I grew up in church and lived most of my young life in and out of God's will. Most of my 'life choices' were made when I was out of God's will and have had a lasting impact on me. However I always felt His presence and could hear him whispering to me that I was making a mistake - I just didn't care enough to listen. The battle within me was raging between my flesh and the Spirit. I couldn't quite turn lose of myself and trust God to run my life. Several years later I decided that I needed to get my act together for God. So I began doing the "right" thing. You know following all the rules - serving in the church doing whatever I could to make me feel good at the time. I wasn't doing all those really big bad sins anymore and the good things I was doing were most certainly cancelling out the little sins in my life. Then God slowly began to teach me about grace. I began to realize I couldn't do enough because He had done it all!!! I had no trouble accepting God's love - I just needed to understand the concept of grace. Through the power of the Holy Spirit I do understand God's grace - I know that there is NOTHING I can do to warrant His magnificant abundant grace. That concept alone makes me want to worship and praise Him!

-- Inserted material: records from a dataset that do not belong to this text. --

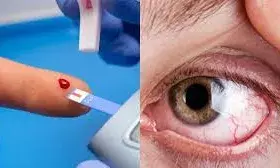बढ़ा हुआ शुगर लेवल बन सकता है अंधेपन का कारण, जानें डायबिटिक रेटिनोपैथी क्या है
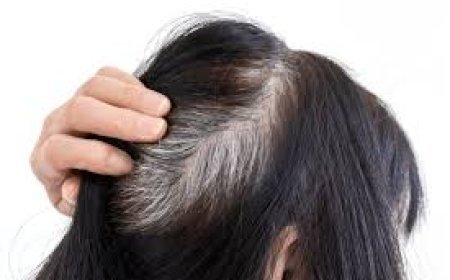 ଧଳା କେଶ ପାଇଁ ଚିନ୍ତିତ କି?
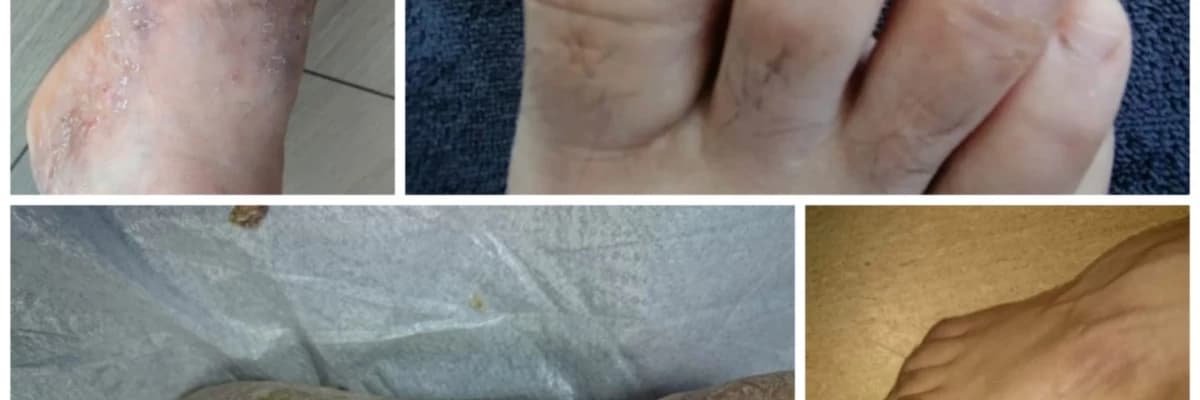 TİNEA PEDİS yani AYAK MANTARI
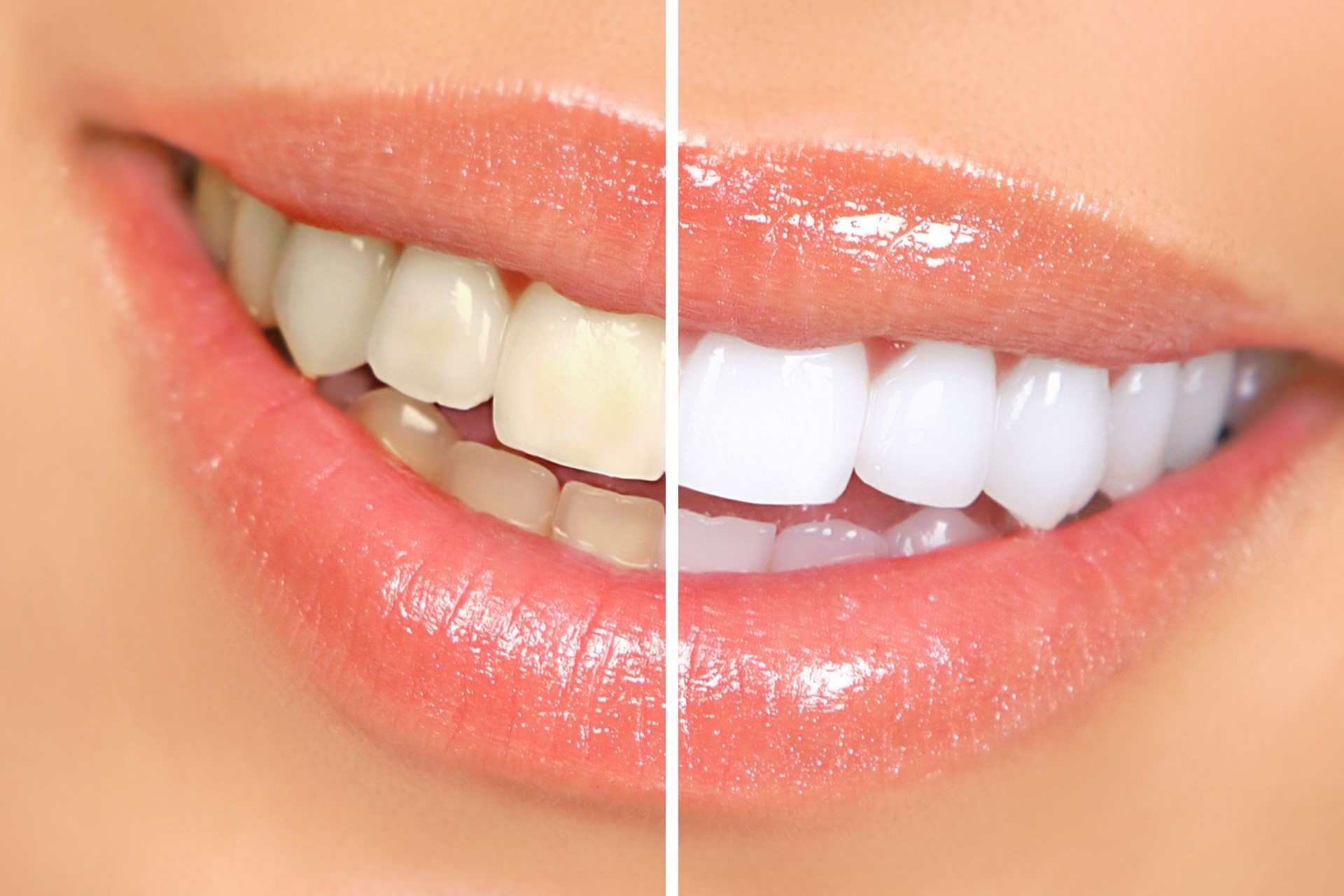 Teeth Whitening Price in Lahore & Finding the Best Dentist in Lahore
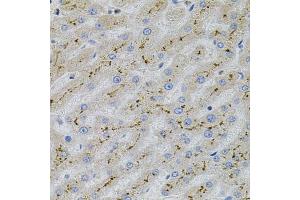 Immunohistochemistry of paraffin-embedded human liver injury using MAPK1 antibody (ABIN5998180) at dilution of 1/100 (40x lens). (ERK2 抗体)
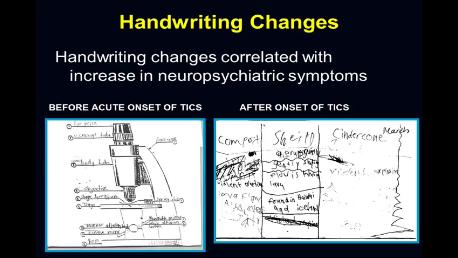 PANDAS Pediatric Autoimmune Neuropsychiatric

However, I have still struggled with some theological issues. I guess because I grew up in a strong denomination and in a Christian home I have always had some strong beliefs. I recently have come to realize alot of those beliefs are legalistic, not very scriptural, and have not been very healthy for me and my relationships. God has been teaching me about the spiritual war that has gone on in my life for a very long time! Conquering Addictions has helped me lay to rest several things from my past that have haunted me; and it continues to teach me new truths from God's Word. I have become aware of the battle between religion and The Gospel. I think I have had a clear understanding of The Gospel, but I have been guilty of holding on to man's laws and judging others based on man's law instead of leaning on The Gospel. It can be a struggle to live under the umbrella of God's grace and not get tangled in the web of legalism. The past few years I have felt a release from being judgmental. Today I was reading Galations 5 and felt a fresh understanding of God's Word. So I decided to see how this scripture was worded in The Message.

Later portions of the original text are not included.